Hint: your blood relatives are just those people with whom you share a
common ancestor.
-
relative(X,Y) - true if X and Y are related somehow (i.e.
through some combination of offspring and marriage relations). Hint:
this is easy to define in terms of relative-by-blood and spouse!
- male(X) - true if X is male.
- female(X) - true if X is female.
The goal is to devise a good representation -- one that is intuitive
and natural and would be easy to extend. You may need to (or want to)
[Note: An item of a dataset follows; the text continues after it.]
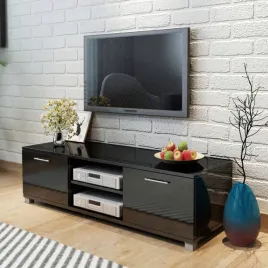 vidaxl-szafka-pod-tv-na-wysoki-polysk-czarna-120x405x35-cm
define other relations, e.g., a gender/2 relation. Watch out for
"loops", or, more accurately, unterminating recursion. For example,
you do not want a rule like spouse(X,Y) :- spouse(Y,X), which
will lead to infinite recursion if you try to find all solutions to a
query about the spouse relation.
3 Growing a Language [40 ]
Watch the video of the
talk Growing a Language
by Guy
Steele which was given as a keynote talk at
the OOPSLA
Conference. in 1998.
Write a short review of at least 500 250 words intended for an audience of
Junior Computer Science majors. Your review should include a short
factual description covering the basic facts, e.g., who is the
speaker, when and where was the talk given, that is the topic, what
qualifications does the speaker have relative to the topic. It should
also briefly state the major position or points the speaker made in
the talk. Finally, you should express your own opinion about the talk,
e.g., do you recommend it to other computer science majors? Why or why
not? Is it still relevant after 13 years? Does Dr. Steele's rhetorical
trick of starting with a simple subset of English help or obscure his
point. Did the talk give you new insights into the design and
evolution of programming languages?
Submit your review as a pdf document named growing.pdf.
Testing your code
See hw7test.pl for a prolog file you can consult. Running it with myfamily.pl should result in something like the following output: hw7out.txt.
What to hand in
Submit the files session1.txt, kinship.pl, myfamily.pl, session2.pl, growing.pdf.